Because I can. Because this is not easy and the pressure is on. Because on top of being an English major, I’m trying to figure out what to do with this thing called life, just like you and every other person in the universe.
I’m an English major and that means figuring out how to say what I need to say on paper, and how to say it the right way. There is no formula for the perfect essay, there is no answer key because anything and everything can be either right or wrong.
So why did I major in English if I despise it so much? Why would I care about a piece of work that a dead man wrote hundreds of years ago?
When everyone around me, including me, knows that I can’t spell for the life of me. That I lack the ability to use proper grammar. That I have yet to remember the writings of famous authors, while every other English major can name at least three dead people and one of their famous pieces of work.
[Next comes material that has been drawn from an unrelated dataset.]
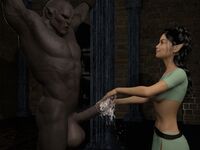 3Dzen Photos - Comix - Beast Faelwen Photos Art 3Dzen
I followed my gut. I did what I had never done before, I chose to listen to myself rather than someone else. I made the choice to be an English major, I chose to put myself in a shitty situation knowing that it would be really hard. I wanted to become a better writer and to somehow take the thoughts in my head and put them on paper. I wanted a challenge and the freedom to say what I wanted and prove to people that what I am writing is valid.
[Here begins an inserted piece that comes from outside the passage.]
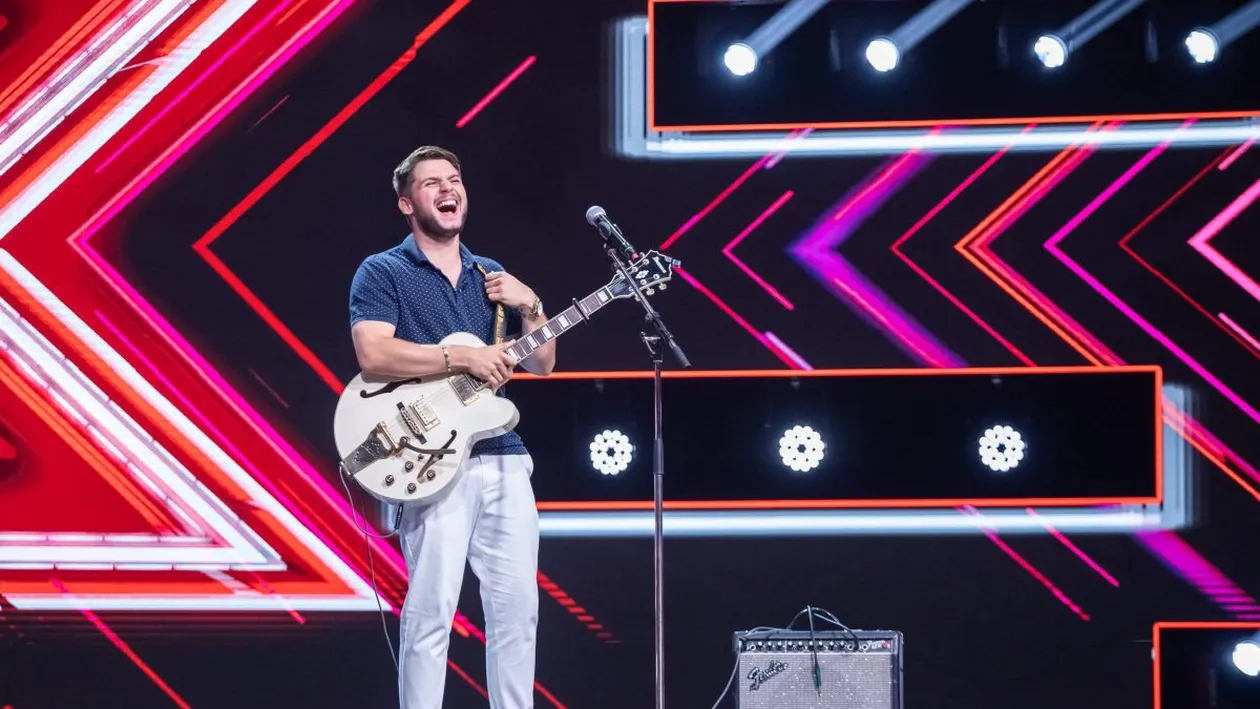 Adrian Petrache, nepotul lui Florin Salam, gest emoționant pentru copiii orfani înainte de Finala X Factor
Instead of doing something math related, which everyone knows comes naturally to me, I chose to do something that I was, and still am, not so hot in.
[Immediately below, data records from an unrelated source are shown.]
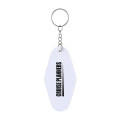 Motel Style Keychain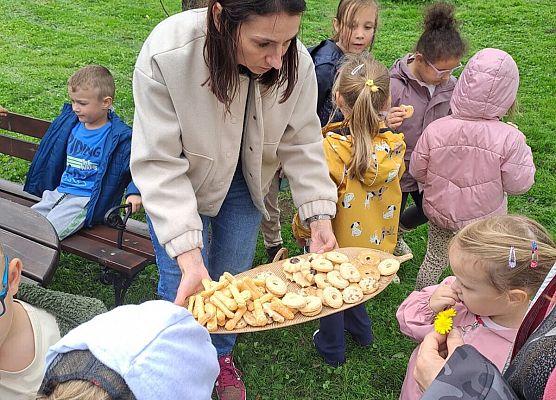 Grafika 7: Wycieczka do sadu!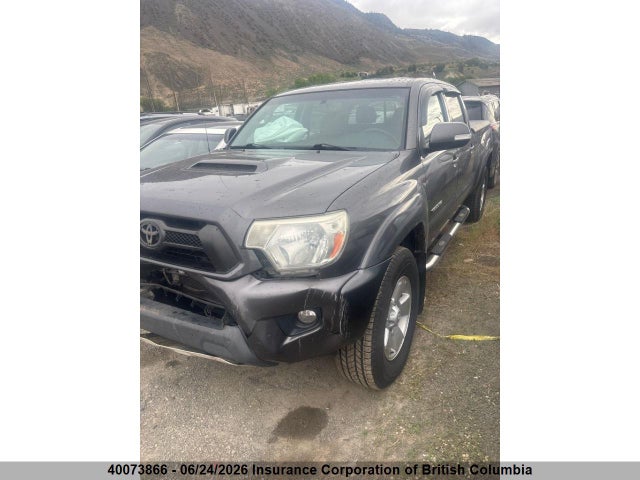 40073866 :رقم المزاد ، 5TFMU4FN9DX013990 vin ، 2013 Toyota Tacoma Double Cab Long Bed مزاد بيع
I didn’t bother looking at the statistics of being guaranteed a job with a BA in English. I didn’t bother figuring out what I wanted to do with my degree. No, I just went for it. I chose a major that honestly doesn’t have a promising future, a major that can’t promise me a job right out of college… but I put myself in this situation. This is what I wanted.
It’s the fact that I made this choice, that would evidently shape a certain path in which my future takes me. The fact that I put myself in this situation excites me and makes me eager to see where I’ll be in the next few years. If I listened to my high school career counselor and followed the computer science route, if I listened to everyone else who excitingly encouraged me to pursue a degree in CS, if I continued to be in that level one CS class in college rather than listening to my gut and dropping it after day one, things would be different now. Fingers would be pointed at so many people for the cause of my misery.
Here I am writing and it is hard, but I have no one to point fingers at except myself and that only motivates me to prove to myself that I can do this. That right after I’m done writing this, I can finish that pesky essay that is due in two days, because damn I’m in trouble. Every time I get frustrated, every time I have writer's block, I ask myself who chose this path and why?
Life is so much better when you make your own choices and are responsible for your own actions. Trust me. I have a love, hate relationship with being an English major, but I did make this choice on my own.
I have faith that my decision will pay off someday in the near future.
For now, I’ll keep writing and running into walls one line at a time.